In a way, it’s a clever acrobatic trick: all that time building up a notion of reason on the imperfect base of our mortal selves, then finishing by saying that *actually* computationalism was inside us all the time. It is the essence of what we are. It’s not built on top of messiness, not to the right way of thinking – rather the messiness is inessential, a secondary phenomenon, an *epiphenomenon* as they say. What we most centrally *are* is independent of the “implementation substrate”. We are something that can be, modulo some implementation details, lifted out of bags of meat and run on something more reliable and powerful.
Again, I’m not saying that cognitive scientists are transparently motivated by a fear of meat. Rather, they and their forebears – and you and I – have been soaking in this intellectual bath for thousands of years. (Perhaps that’s why our brains are so wrinkled?) The eternal over the mortal, the transcendent over the mundane: these dichotomies are the unquestioned default.
Ecological and embodied cognition directly challenges our defaults. It makes the imperfect world and the ever-fragile body essential, not disposable. Cognition is about survival, not about Truth. Reason isn’t noble, but rather a sometimes-useful hack.
It messes up the pleasing picture.
Something that occurred to me. Time is not what you might call a “first-class object” in algorithms. It appears only as external events, which is why our uploaded selves will be able to “read libraries in the blink of an eye”: we’ll be running on a substrate with a much higher clock speed and higher-level parallelism than neurons can achieve.

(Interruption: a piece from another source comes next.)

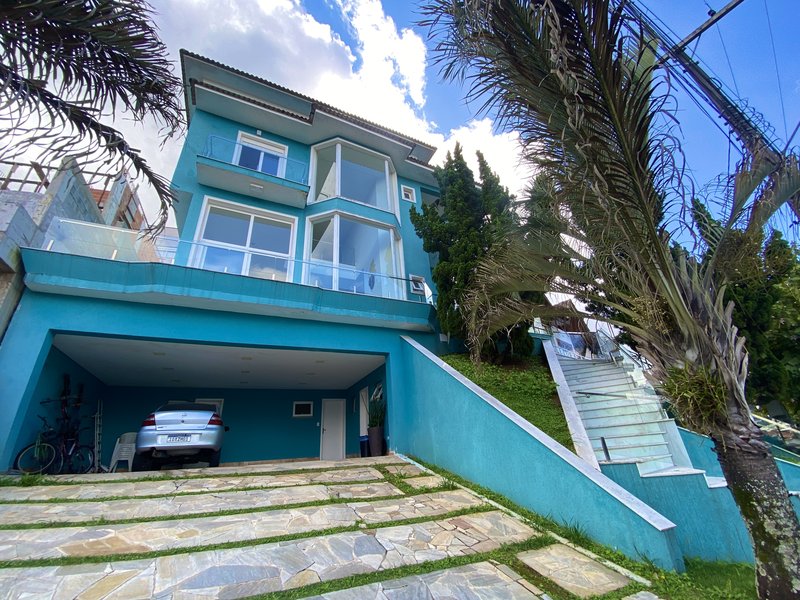 CASA MOBILIADA NO CONDOMÍNIO ARUJAZINHO 5 DISPONÍVEL PARA LOCAÇÃO!!! - Arujá - 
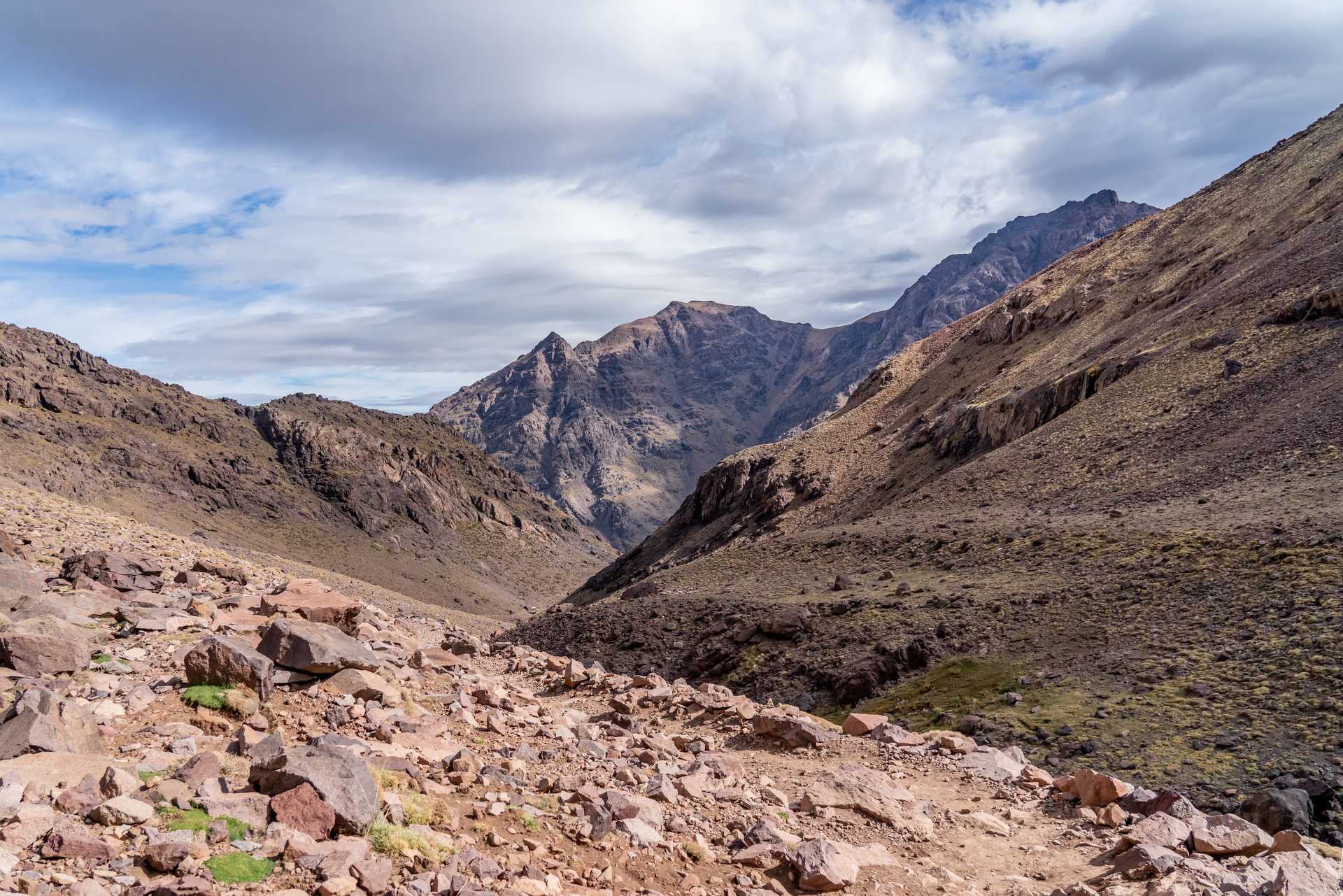 La vallée de l'atlas et le mont Toubkal au Maroc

But embodied cognition puts time front-and-center, as in the phase-shifting speeds in the Haken-Kelso-Bunz model. So, what if thought turns out to be time-bound: what if we can’t be *us* at a higher clock speed? How horrible if our uploaded selves could do no better than an eternity of “ever-falling soot” and “the familiar numbing beat of routine”. Surely the world could not be so unfair?
≤ music ≥
At some point in my reading, I realized that debates between EEs and computationalists always come down to definitions: what, *precisely*, is a representation? What, *precisely*, is *computation*? If two things are dynamically coupled, are they necessarily part of a single, undecomposable system, or can we understand them individually: two parts rather than one whole?
If you listened to the recent episode “Concepts without categories”, you know what I think about such definitional arguments: we should do something else. In the tradition of this podcast, the something else – next episode, if I can get my thoughts together – will be accepting Andy Clark’s ideas about how animals use representations and rules, and seeing what those ideas might suggest for the design and programming of actual systems. As a teaser: Clark’s approach, I think, to something like domain-driven design would be to center the ubiquitous language on verbs rather than nouns. Free-standing, ephemeral closures that capture relevant bits of a context rather than methods on classes.
We shall see. Until then, thank you for listening.